Así se entiende que se pretenda erigir a la tragedia como la única maestra de quien se debe aprender. Más allá de que, en esta lógica, la tragedia termina siendo --como toda maestra-- una vieja pacata a quien ignorar.
¿Y quién va a tirar la primera piedra de la autocrítica en una sociedad que, mientras perdona a genocidas y corruptos, castiga a quien se equivoca, a quien se expone como débil al evidenciar su imperfección? Como el estudiante que no va a rendir, se prefiere escapar, aunque sea en el caballo de la soberbia, antes que exponerse al escarnio de la autocrítica. Y las posibilidades de aprender, trágicas o no, se esfuman una detrás de otra en nombre de la inmediata necesidad de sobrevivir.
En mi barrio, al corpus teórico que se expresa a través de esta perorata de academicismo barato aquí esbozada se le dice “parche”.

Vértigo y parche. En política la vida se mide en períodos de dos años. Qué importan los viejos, los pibes, los bisnietos. Parche, circo, chivos expiatorios. Y el vértigo dice que hay que controlarse para que no nos pase lo mismo que al boludo de Ibarra. ¿Aprendemos? Dos meses después de la tragedia que motivó la supuesta lección emanada de una eminencia en un festival de rock (al aire libre), una municipalidad organizó un recital en un anfiteatro (al aire libre) y vendió más entradas de las que debía, según la capacidad de lugar (que se mide en metros cuadrados y no cúbicos). Como tal vez no era día de controles, el Estado avaló que se cobrara entre 20 y 25 pesos para disfrutar de cómodas localidades como una barranca, la cabeza de otro espectador y un hueco que quedaba entre dos viejas que habían llegado a las dos de la tarde.

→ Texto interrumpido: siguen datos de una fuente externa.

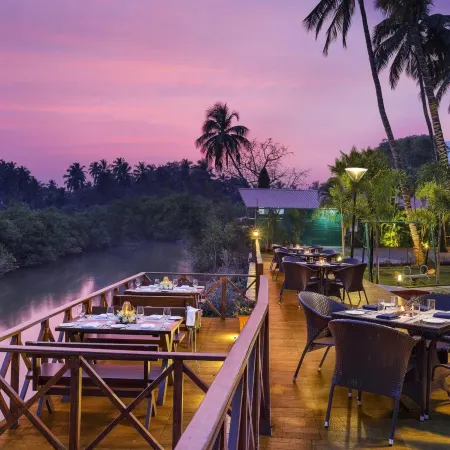 Lazy Lagoon, Baga A Lemon Tree Resort, Goa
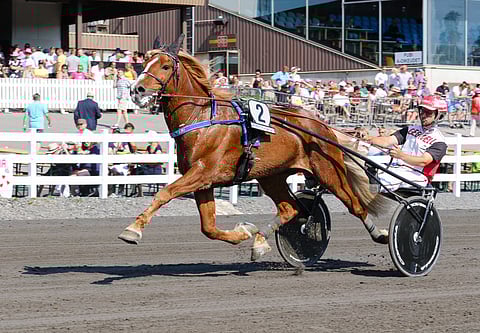 H.V. Tuuri ja Iikka Nurmonen.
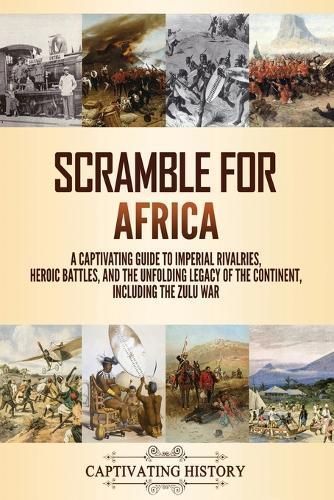 Scramble for Africa By Captivating History 9798893580204 (Paperback)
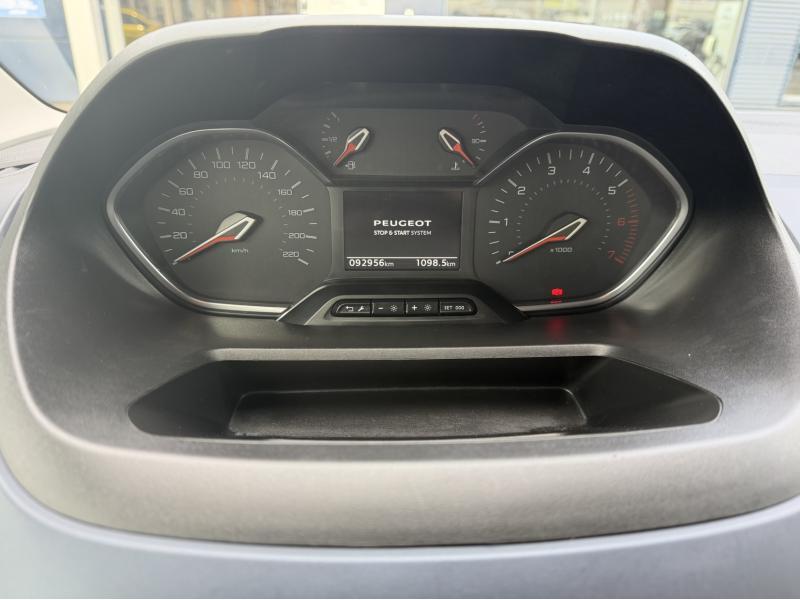 Image de la voiture Peugeot Rifter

Menos mal que, de los más de 4.000 días que tuvo para elegir, el parque España de Rosario se desmoronó un horrendo día en el que sólo había cuatro pescadores que zafaron. Menos mal que el Parque perdonó a los miles de pendejos que estaban saltando al compás de Molotov un soleado Día de la Primavera.
Tal vez la verdadera lección para el pibe que quiso prender esa bengala en un recital de Las Pelotas sea, además de que el escenario donde se paran aquellos a quienes idolatra también está lleno de boludos, que la libertad pasa por hacerse respetar mientras se respeta al otro. Así se podría enseñar y aprender sin tener que apelar a la furia irracional que desata la tragedia.